Non-Tuberculous Mycobacteria
Non-Tuberculous Mycobacteria (NTM), also referred to as atypical mycobacteria or Mycobacteria other than tubercle bacilli (MOTT), are microorganisms found in birds, animals, soil, and water. Although they are commonly present in these environments, NTM have the potential to cause infections in humans.
Runyon’s Classification of Non-Tuberculous Mycobacteria (NTM)

- NTM can be distinguished from MTB complex by:
- Being resistant to paranitrobenzoic acid (PNB), but sensitive to thiophen-2-carboxylic acid hydrazide (TCH).
- Testing positive for aryl sulfatase.
- Showing a strong positive reaction for catalase.
- Not causing disease in guinea pigs, but can cause illness in mice.
- Being resistant to antitubercular drugs.
Diseases from Nontuberculous Mycobacterium
Photochromogenic (Produce Pigments Only in Light)
- M. marinum: This bacterium is linked to various infections, such as:
- Swimming pool granuloma or fish tank granuloma.
- Tendonitis and tender nodules that may spread in a sporotrichoid pattern.
- M. asiaticum: This bacterium has a limited association with pulmonary disease, and further research is needed to understand its role better.
- M. simiae: This bacterium is characterized by a positive niacin test and the ability to produce pulmonary lesions.
- M. kansasii: This bacterium is known to cause chronic pulmonary disease that resembles tuberculosis.
Scotochromogens (Pigment Production in Light and Dark)
- M. scrofulaceum causes scrofula (cervical lymphadenitis) in children.
- M. gordonae is often found in tap water and is generally harmless.
- M. szulgai has the potential to cause lung disease and bursitis in some cases.
- M. celatum is an uncommon cause of lung infections.
Nonphotochromogens (No Pigment Production)
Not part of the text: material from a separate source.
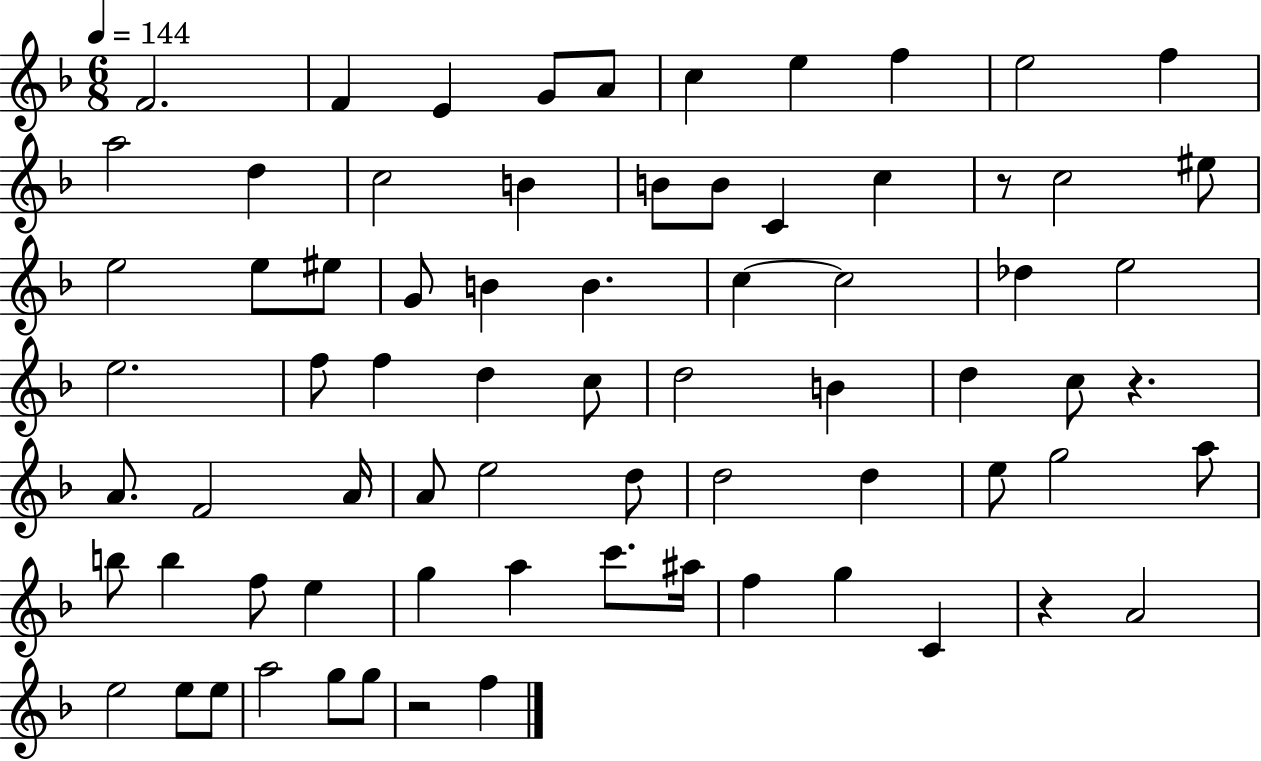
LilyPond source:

- M. avium-intracellulare complex (MAC) comprises two related bacteria, M. avium (Battey bacillus) and M. intracellulare
- The potential effects of MAC include:
- Lymphadenitis (swollen lymph nodes)
- Respiratory infections
- Widespread infections
- M. xenopi has been detected in hospital water and associated with outbreaks.
- M. ulcerans is a waterborne skin pathogen primarily found in tropical regions of Africa, America, and Southeast Asia, leading to conditions such as:
- Buruli ulcer
- Osteomyelitis (bone infection)
- Limb deformities
It produces a toxin known as mycolactone. - M. malmoense has the potential to cause lung disease and, less frequently, lymphadenitis.
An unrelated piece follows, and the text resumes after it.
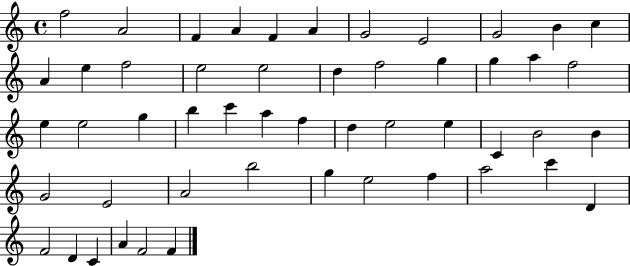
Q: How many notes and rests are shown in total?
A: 51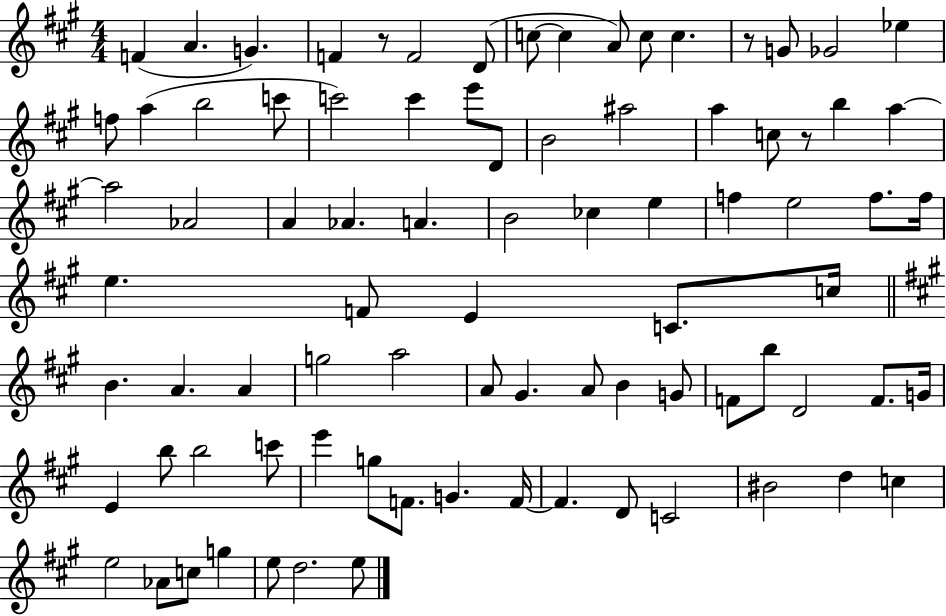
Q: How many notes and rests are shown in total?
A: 85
- M. paratuberculosis, also known as Johne’s bacillus, is associated with Crohn’s disease, although further research is necessary to establish this link.
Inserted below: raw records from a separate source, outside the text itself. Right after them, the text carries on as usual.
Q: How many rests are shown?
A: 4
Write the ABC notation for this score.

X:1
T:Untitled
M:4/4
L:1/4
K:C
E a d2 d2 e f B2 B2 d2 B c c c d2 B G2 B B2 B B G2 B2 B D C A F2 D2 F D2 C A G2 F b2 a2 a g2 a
Rapid Growers (Grow within 1 Week of Incubation)
- M. fortuitum and M. chelonae are known to cause post-trauma injection abscesses and infections related to catheters.
- M. abscessus has the potential to cause pulmonary infections.
- To identify rapid growers, the Arylsulfatase test is used, which yields a positive result for these organisms.
Mycobacterium leprae
Mycobacterium leprae, also referred to as Hansen’s bacillus, is the causative agent of leprosy. This ancient condition has often been linked with social stigma due to myths and the visible deformities it can induce.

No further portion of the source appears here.